Warnings When Connecting to Your PC
Why Am I Seeing These Warnings?
When you visit a public website, your browser looks at the site's certificate and
checks if it's signed by one of a hundred or so third-party "Certificate Authorities" (CA)
that the browser "trusts". If it is, you get a green padlock and your connection is
considered secure (assuming there are no problems with the certificate).
This type of certificate signing only works for websites with a registered domain name
(www.website.com) and static IP address (IP address that never changes), Private computers
don't typically have these things because they cost more than most people are willing to pay
for remote access to a single PC. That's where Self-Signed Certificates come in.
Self-signed certificates are certificates that you create yourself using software.
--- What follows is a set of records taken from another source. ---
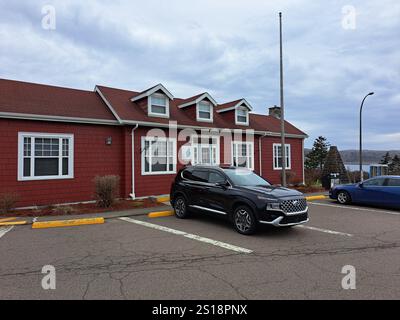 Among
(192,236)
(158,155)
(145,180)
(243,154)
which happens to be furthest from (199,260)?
(243,154)

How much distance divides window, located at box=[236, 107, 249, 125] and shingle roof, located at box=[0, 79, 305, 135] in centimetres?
119

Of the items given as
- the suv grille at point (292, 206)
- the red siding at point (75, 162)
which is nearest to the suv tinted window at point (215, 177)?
the suv grille at point (292, 206)

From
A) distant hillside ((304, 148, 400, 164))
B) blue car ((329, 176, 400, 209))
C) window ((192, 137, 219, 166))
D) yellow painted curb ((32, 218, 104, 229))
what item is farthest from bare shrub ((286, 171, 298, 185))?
distant hillside ((304, 148, 400, 164))

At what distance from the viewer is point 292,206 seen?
7.35m

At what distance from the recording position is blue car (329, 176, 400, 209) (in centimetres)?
1148

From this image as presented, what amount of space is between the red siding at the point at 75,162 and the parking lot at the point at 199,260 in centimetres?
402

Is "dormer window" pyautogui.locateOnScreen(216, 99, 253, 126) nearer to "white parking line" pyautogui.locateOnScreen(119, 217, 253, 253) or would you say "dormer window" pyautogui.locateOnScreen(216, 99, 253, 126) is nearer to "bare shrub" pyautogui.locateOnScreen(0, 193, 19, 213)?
"white parking line" pyautogui.locateOnScreen(119, 217, 253, 253)

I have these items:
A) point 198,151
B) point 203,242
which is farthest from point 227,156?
point 203,242

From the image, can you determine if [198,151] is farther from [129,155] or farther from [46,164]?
[46,164]

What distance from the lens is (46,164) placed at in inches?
477

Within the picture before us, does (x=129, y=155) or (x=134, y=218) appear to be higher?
(x=129, y=155)

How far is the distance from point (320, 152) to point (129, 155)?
3758cm

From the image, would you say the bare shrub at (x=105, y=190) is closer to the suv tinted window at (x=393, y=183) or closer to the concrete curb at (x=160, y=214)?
the concrete curb at (x=160, y=214) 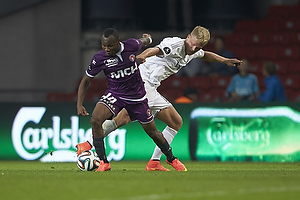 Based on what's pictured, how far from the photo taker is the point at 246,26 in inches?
725

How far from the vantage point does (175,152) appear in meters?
13.7

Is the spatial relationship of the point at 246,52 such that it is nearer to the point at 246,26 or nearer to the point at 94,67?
the point at 246,26

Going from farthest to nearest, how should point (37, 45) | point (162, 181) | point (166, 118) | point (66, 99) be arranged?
point (37, 45) → point (66, 99) → point (166, 118) → point (162, 181)

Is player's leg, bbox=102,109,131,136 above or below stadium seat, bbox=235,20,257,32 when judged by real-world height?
below

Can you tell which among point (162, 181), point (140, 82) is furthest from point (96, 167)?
point (162, 181)

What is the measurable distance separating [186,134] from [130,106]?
461 centimetres

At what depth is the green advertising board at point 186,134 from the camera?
13555 millimetres

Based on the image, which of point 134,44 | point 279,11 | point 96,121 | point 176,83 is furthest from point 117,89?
point 279,11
When
you visit a website that uses a self-signed certificate, your browser has no way to
verify it, so it will give you a warning that says your connection is not secure.
MF327 uses Self-signed certificates.
Should I Be Concerned?
No. These warnings are intended for users accessing public websites, not a
private computer. Because you have access to the computer using the certificate,
you can verify it yourself and prove your connection is secure.
If you see this warning when connecting to any other website, such as your email,
online banking, or an e-commerce site, you should leave immediately.
How Do I Know My Connection Is Secure?
Because you're connecting to your own PC, you have access to the actual
certificate used by the server and can personally verify that it matches
the one shown in your browser.
Comparing certificates is easy thanks to Fingerprints. A fingerprint is a shortened
version (or hash) of a certificate used to quickly compare it against another for an exact match.
All major web browsers and operating systems have a certificate viewer that will show you a
certificate's fingerprint. Click here to see how.
How Secure Is It?
One could argue that self-signed certificates, when properly verified, are even
more secure than the ones used for online banking. Website owners typically
pay hundreds of dollars per year to have a Certificate Authority sign their
certificate so that web browsers will trust them. You can probably see a few
problems with this scenario.
- There's money involved (Money = Influence)
- There's trust involved (Trust = Vulnerability)
By signing certificates for thousands of high-profile websites,
Certificate Authorities make themselves a high-value target for hackers
Comparing fingerprints for a self-signed certificate is a direct verification
that costs nothing and doesn't rely on trust. You can't do this with a public
website (and neither can your browser) since you don't have access to the server.
Warnings When Installing Your Certificate
What Is a Certificate?
Certificates are used by web browsers and apps to verify that a website or
server is who it claims to be. It confirms that the server you're connected
to is the same one you typed in the address bar.
What Is a CA Certificate?
A Certificate Authority (CA) is someone that your browser trusts to verify
certificates for it. A CA verifies a certificate by confirming that the
certificate holder owns the server and then digitally signing their certificate.
If your browser sees a certificate that's signed by a CA that it trusts, it
will consider it valid. CA certificates identify CAs that your browser trusts.
Can the Owner of a CA Certificate Spy on My Data?
Since your browsers and apps will automatically trust any certificate that's
signed by a trusted CA, the owner of the CA certificate could create fake
certificates for websites you visit and your browser would trust them. But,
in order to get any data, they would need to take additional steps to trick
your browser into connecting to the wrong server, such as installing malware
on your device, hacking the router you connect to, compromising a DNS server,
or getting you to connect to a rogue Wi-Fi network.
Should I Be Concerned?
In this case, you are the certificate owner and the key needed to forge
certificates resides on your own computer. In order to perform such an
attack, a hacker would need access to your PC and control of your device,
a DNS server, or the network your device is connected to. If your PC is a
high-value target and this is a real concern for you, see the section
below titled, "Do I Need To Install My Certificate?".
Do I Need To Install My Certificate?
No. This step is entirely optional and is only required to get rid of certificate
warnings when accessing your PC. Alternatively, you can add an exception for your
PC in the web browser and verify its certificate yourself using the fingerprint.